En esta serie de defectos y virtudes, la parte más encomiable de El infierno te odia... es un curioso posicionamiento de lo femenino, en tiempos en los que el feminismo ha crecido exponencialmente, ganando batallas justas pero también, en algunos casos -especialmente en la academia estadounidense-, hipertrofiándose en un trabajo de escolástica victimizante y paranoica. El mundo de Bonnie que describe este libro es genuina e insularmente feminista. Tratando de encontrar un término que abarque el espíritu de la obra, hay algo interesantísimo vinculado con la idea de “hacerse cargo”, una especie de ausencia completa del miedo y una lucha por lo que el personaje protagónico quiere y busca, en la cual enfrentar a un hombre que invade su espacio significa patearle las bolas, pero patearle las bolas en serio, en un sentido físico literal, no literario.

Otro modo de fortaleza

Todo esto podría hacer pensar que estamos ante un personaje “superado”, con un criterio demasiado sólido acerca de todo lo que “le resbala”, pero El infierno te odia... no sería igual de efectivo -y no funcionaría desde lo feminista- si Bonnie no fuese al mismo tiempo completamente frágil, contradictoria y peligrosa para sí misma (de otra manera, sólo sería un modelo totémico inalcanzable y frío). Hay una especie de sinceridad, incluso cuando se contradice, especialmente cuando se enamora y desenamora, que la saca del pedestal, aun cuando el personaje, en sus delirios egomaníacos, quiere volverse a colocar sobre él.

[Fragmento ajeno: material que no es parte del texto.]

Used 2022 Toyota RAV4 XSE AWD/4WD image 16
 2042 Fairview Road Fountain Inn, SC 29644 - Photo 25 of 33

Un pasaje resume perfectamente esa especie de ética interna: “tuvimos una pelea definitiva, en la cual él juzgó mi vida con argumentos razonables (visto bajo el punto de vista de un pobre esclavo de quien sabe cuántas estupideces sociales) y yo juzgué la suya (visto bajo el punto de vista mío, que hacía quince minutos estaba en pijama hablando con un pollo en la calle)”.

El corazón de El infierno te odia y tu mamá no puede ayudarte está allí, en una ferocidad cultivada en la fragilidad, con lo vital ennegreciendo las ojeras, un motor que se hace fuerte en la misma medida que se arruina.